We need to address at some point an apparent discrepancy between the other gospels and John over the calling of the disciples. This account seems to occur much earlier and in a different context than the other gospels. In Luke 5, it occurred at the lake after a night in which James, john, Peter and Andrew had fished all night and caught nothing. Jesus told them to fish of the wrong side of the boat, and they had caught so many fish that the boats foundered. But I have learned from experience that God has to call several times before we fully respond. Before that point, we either fight against the call or follow in fits and spurts. The text in John says that they followed and stayed the night, and that was it. But it does not necessarily lead to that. One only need look at chapter 21 of John in which several disciples went fishing, AFTER the resurrection. One would think that they would have been fully committed at that point to Christian ministry. Jesus had breathed the Holy Spirit on them and said: “Even as the Father has sent me; so I send you” in the 20th chapter. What Peter does by saying “I’m going fishing” is more than a recreational decision. It was a vocational decision. It was to back to life as usual. So I am not concerned about the accounts. Jesus had to constantly encourage and call them to the work before they actually followed fully.
This passage begins with the same “on the next day. The beginning of the next chapter begins with on the third day. The whole sequence then is a week in length, from the witness of John to the priests. Levites, and the turning of the water into wine. Whether there is significance in this, I do not know.
On this day, it says he desired to go into Galilee. The word for desired is the verb “to will.” There is a divine nuance to this. Jesus willed to go there, because He had a particular purpose. He went to call two more disciples. These verbs are in the simple past tense. But the next two verbs are again historical presents of which we have talked before.
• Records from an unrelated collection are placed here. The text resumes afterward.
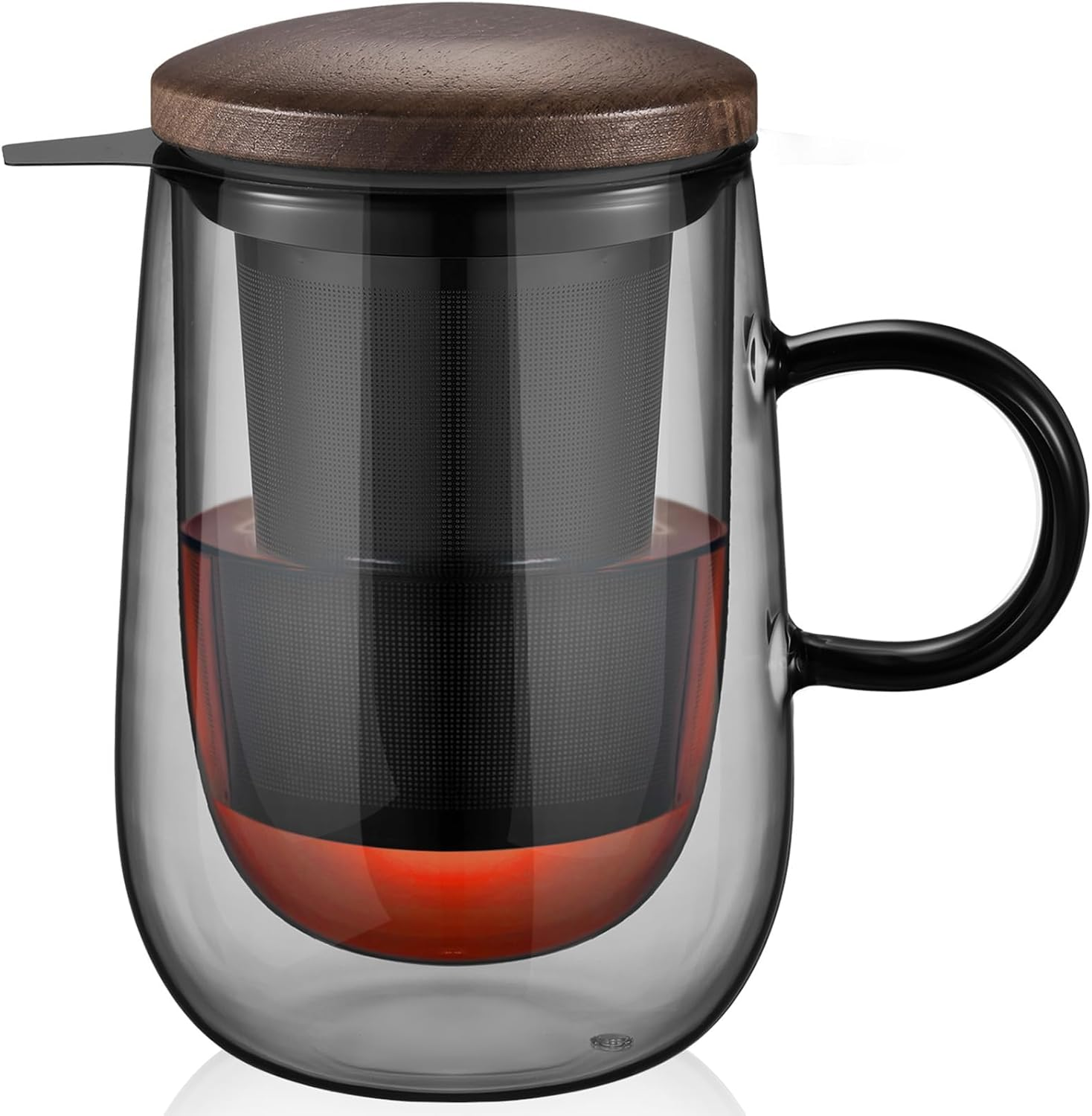 Tea Infuser Mug 14.5Oz Glass Tea Cup with Removable Stainless Steel Infuser and Lid, Double-Walled Black Glass Tea Cup Teacup for Loose Leaf Tea, Birthday for Parents Dad Mum Friends Office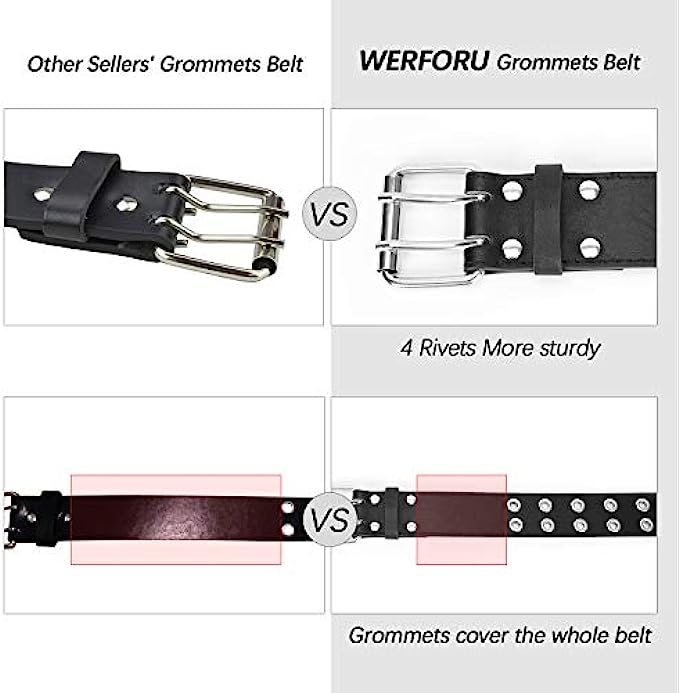 WERFORU Double Grommet Belt PU Leather Punk Belt for Women Men Jeans 2 Hole Belts 1.5 Wide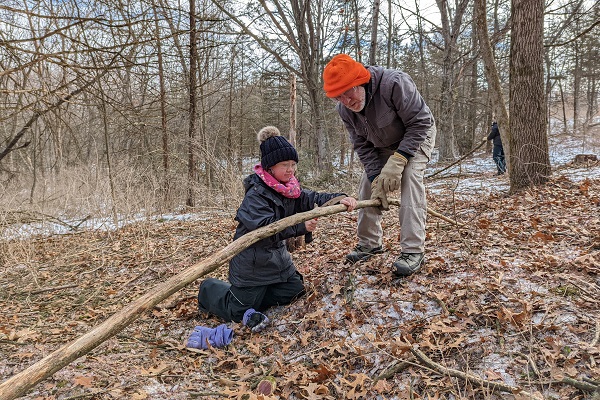Volunteers of all ages bundled up and came out to help with habitat management events along the Ice Age Trail. Photo by Justine Kapitzke.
He finds Phillip and then says to Him: “Follow Me.” Can you put yourself by the lakeside next to Phillip. Does your heart yearn that He might call you too to follow Him?
The name “Phillip” is interesting because it is a Greek name. Considering that the north shore of the Sea of Galilee was mostly the villages of Aramaic-speaking Jews who struggled against assimilation into Greek culture. Phillip was the name of the father of Alexander the Great who had conquered Palestine some 350 years earlier. The Greeks practiced making Greeks out of their subjects, an idea that led to a war of resistance by the Maccabees around 170 BC. Either the Greek culture had penetrated upper Galilee more than was previously thought, or it was indeed odd that Jesus would have found someone named Phillip there. He was a Jew, of course, but one with a Greek name. He must have known Peter and Andrew as he came from the same town which was small. This Jew with a Greek name had a friend with the most Hebrew of names, Nathaniel, which means “Gift of God,” the equivalent of the Greek “Theodore.” There is an obvious irony there in that the Greek finds the Jew, one who is described by Jesus Himself as the model Israelite, who had no guile.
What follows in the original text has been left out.